_WORK ORDER_.
Produce a word-for-word copy of the line that contains "Inviting living room" and each line after it through the end of the material, omitting pictures and all other lines.

_DATA PROVIDED_.
※ ※ ※
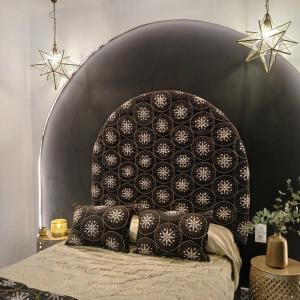a bed with a black and white headboard with pillows at Beautiful penthouse with terrace next to the Cathedral in Cádiz
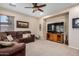 Inviting living room with comfortable sofa, modern ceiling fan, and a large TV, ideal for Gathering gatherings at 1998 S Starling Dr, Gilbert, AZ 85295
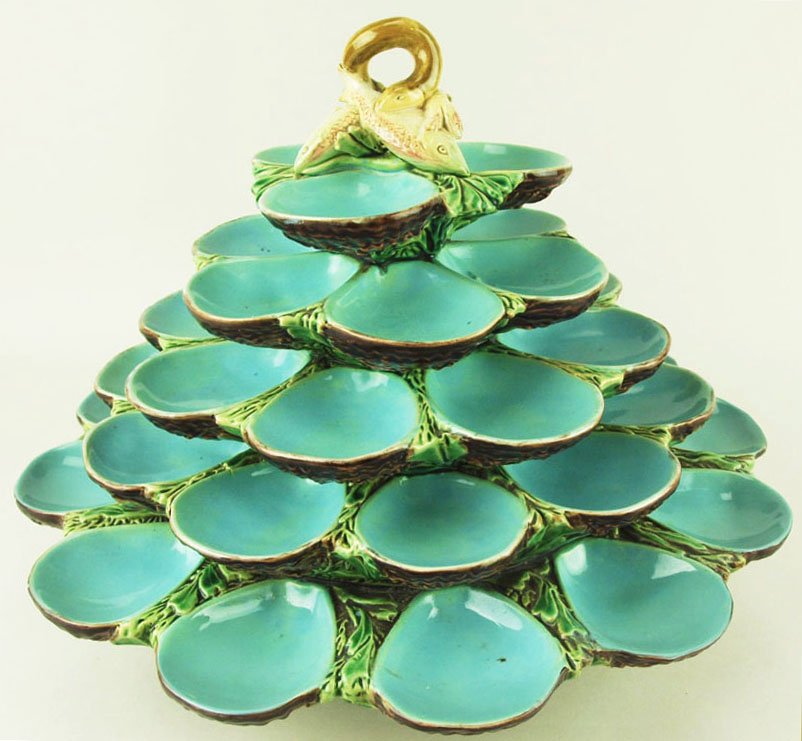 A Previously Unrecorded Minton Majolica Five Tier: A Previously Unrecorded Minton Majolica Five Tier Turquoise Well Oyster Server C.1865 Designed as five graduated tiers of turquoise glazed shell compartments surmounted by a pair of entwined fishes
※ ※ ※
_SOLUTION TO THIS PROBLEM_.
 Inviting living room with comfortable sofa, modern ceiling fan, and a large TV, ideal for Gathering gatherings at 1998 S Starling Dr, Gilbert, AZ 85295
 A Previously Unrecorded Minton Majolica Five Tier: A Previously Unrecorded Minton Majolica Five Tier Turquoise Well Oyster Server C.1865 Designed as five graduated tiers of turquoise glazed shell compartments surmounted by a pair of entwined fishes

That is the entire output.